Each attention layer in the dual-stream architecture runs six projection GEMMs before the actual attention: Q, K, V for the image stream, and Q, K, V for the text stream. With FP8, each requires:

Quantize input to FP8 (one call to fused_rowwise_fp8_quant)
torch._scaled_mm(x_fp8, W_fp8, ...)

For each stream independently that's 6 quant calls + 6 GEMMs = 12 kernel launches before even reaching flash_attn. The fused QKV approach concatenates the Q, K, V weight matrices at initialization time:


class FusedQKVFP8Linear(nn.Module):
  def __init__(self, q_linear, k_linear, v_linear):
    # Concatenate along N dimension: [K, N_q+N_k+N_v]
    fused_w = torch.cat([q_linear.weight_fp8_t, k_linear.weight_fp8_t, v_linear.weight_fp8_t], dim=1)
    self.register_buffer('weight_fp8_t', fused_w.t().contiguous().t())
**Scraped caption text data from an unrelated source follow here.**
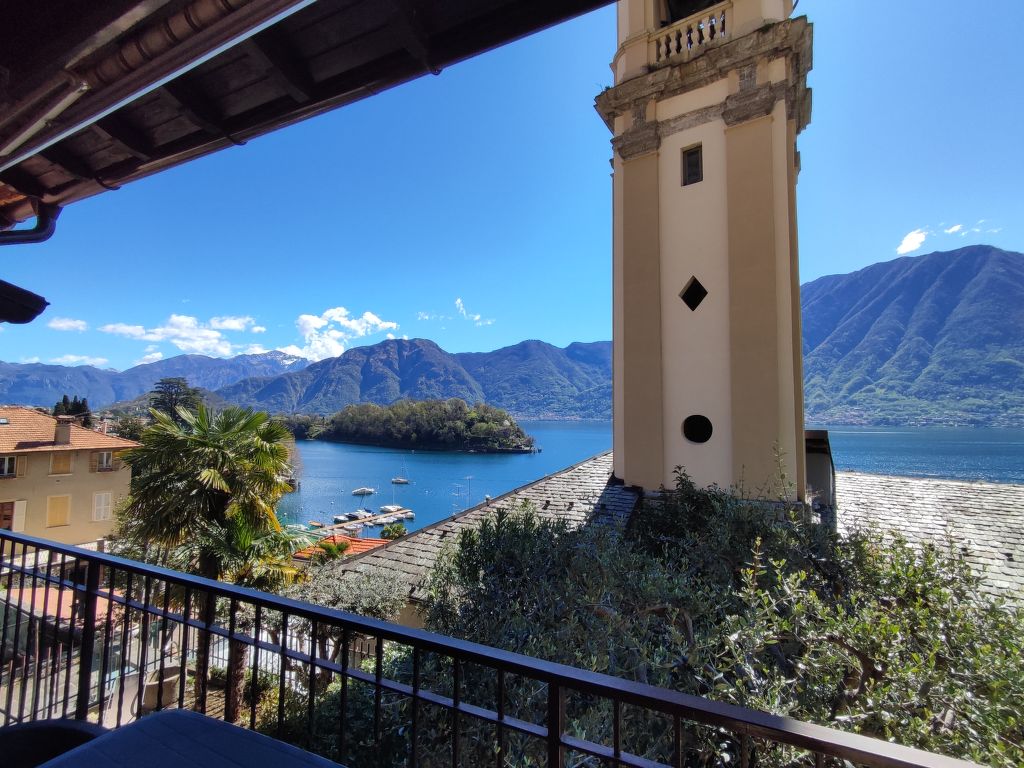 Tower Bell House | Boeken bij Flickmyhouse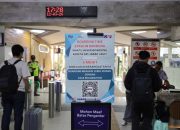 KAI Daop 2 Bandung Ingatkan Pelanggan Datang Lebih Awal, Khusus Stasiun Bandung, Kiaracondong, dan Cimahi Boarding Ditutup 5 Menit Sebelum Keberangkatan KAI Daop 2 Bandung Ingatkan Pelanggan Datang Lebih Awal, Khusus Stasiun Bandung, Kiaracondong, dan Cimahi Boarding Ditutup 5 Menit Sebelum Keberangkatan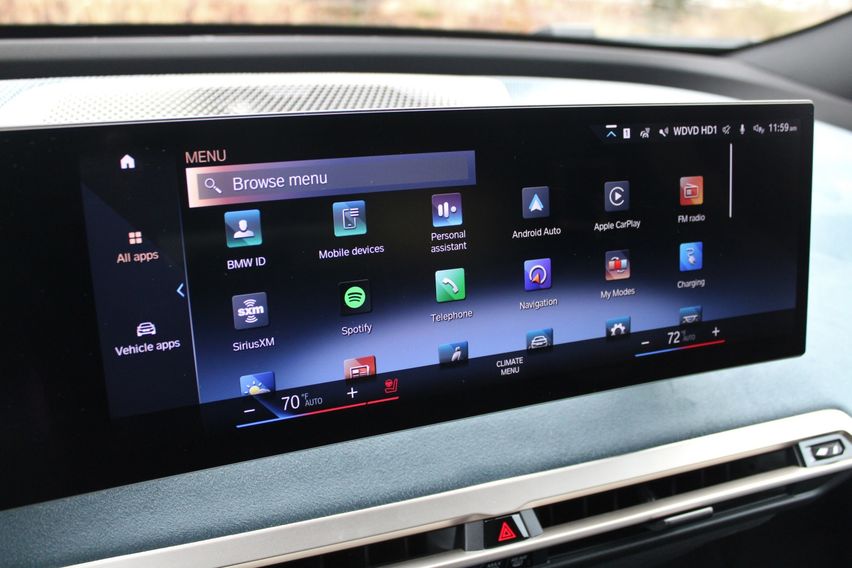 2022 BMW iX Review and Test Drive | Capital One Auto Navigator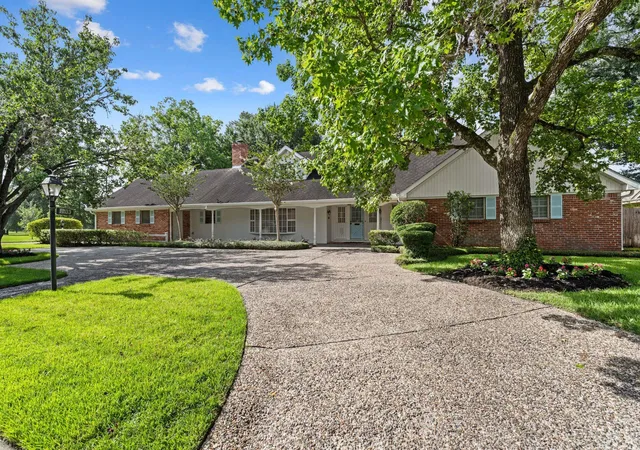 Photo 2 of Sale Pending at 1603 Bethlehem St, Houston, TX 77018 | MLS# 91078560 | Listing updated on 2026-09-18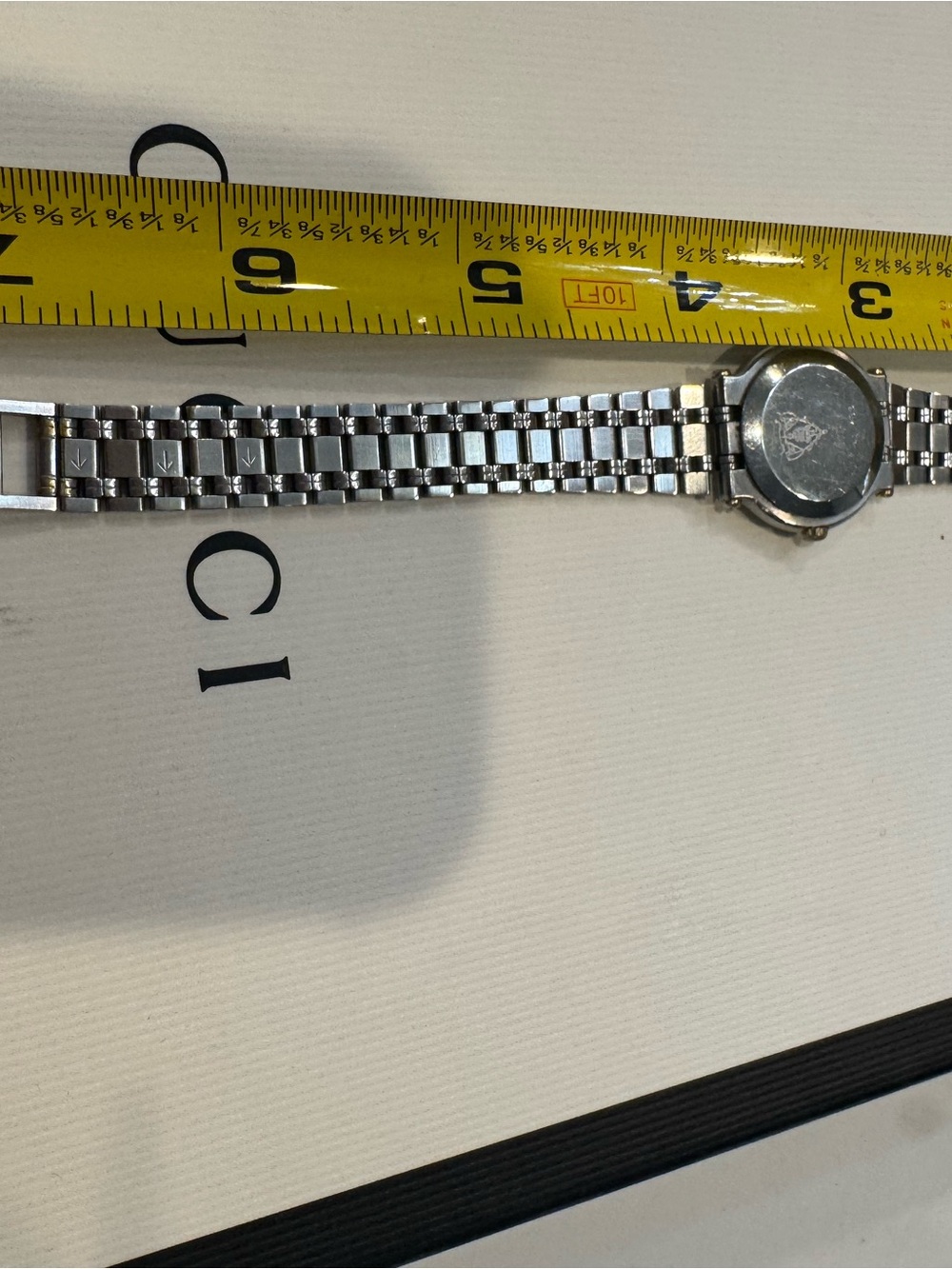 Authentic Gucci Two-Tone Silver and Gold Round Dial Bracelet Watch - Picture 9 of 10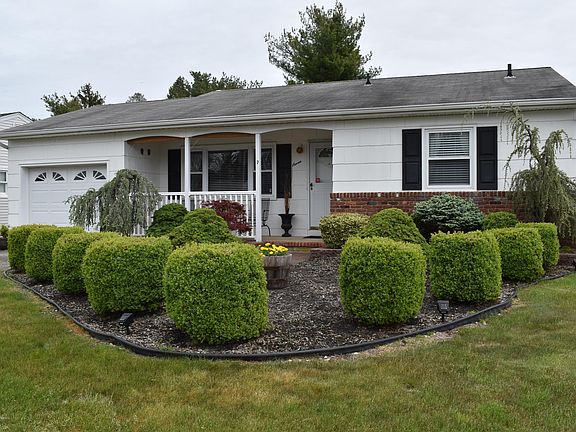 2nd image of 7 Bolingbroke Dr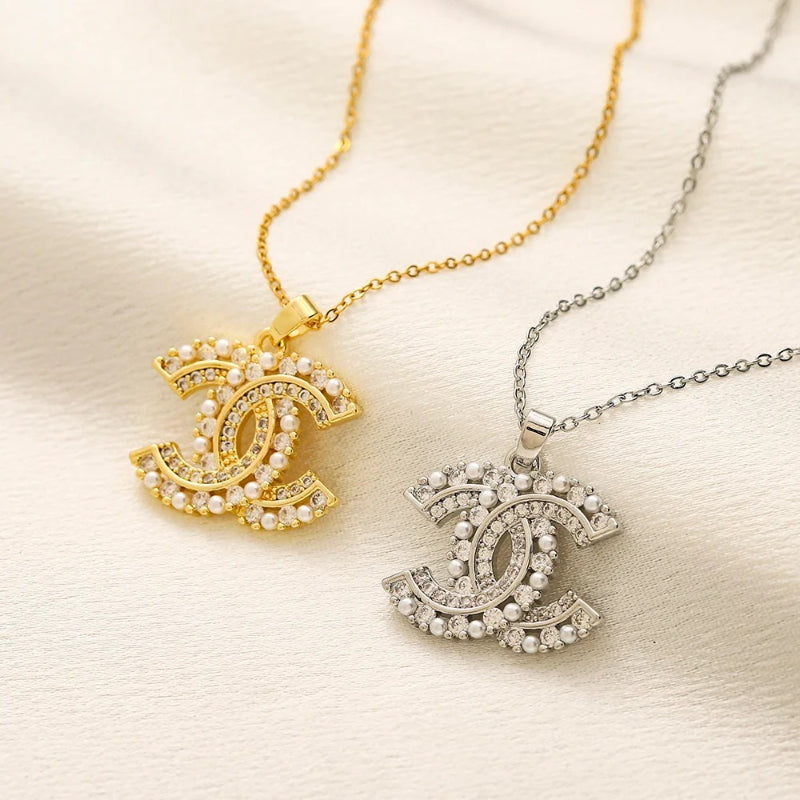 Colar com Pendente em C Entrelaçado, Pavé Ornamentado em Cobre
    # Concatenate scales: [1, N_q+N_k+N_v]
    self.register_buffer('w_scale',
      torch.cat([q_linear.w_scale, k_linear.w_scale, v_linear.w_scale], dim=1))

Note the fused_w.t().contiguous().t() pattern after concatenation, the column-major layout required by _scaled_mm needs to be restored. Simply concatenating along dim=1 of the transposed matrices gives the right shape but wrong strides; the double-transpose forces a contiguous copy in column-major order. The bigger win is the interaction with fused_adaln_fp8. Because fused_adaln_fp8 already outputs (x_fp8, fp8_scale), the FusedQKVFP8Linear exposes a second forward path:


def forward_with_fp8_input(self, x_fp8, a_scale):
  """Accept pre-quantized FP8 input — no requantization needed."""
  output = torch._scaled_mm(
    x_fp8, self.weight_fp8_t,
    scale_a=a_scale, scale_b=self.w_scale,
    out_dtype=torch.bfloat16,
  )
  ...
  return q, k, v

# One fused kernel: LayerNorm + AdaLN + FP8 quant
img_fp8, img_sc = fused_adaln_fp8(img_2d, img_shift1, img_scale1, img_seq)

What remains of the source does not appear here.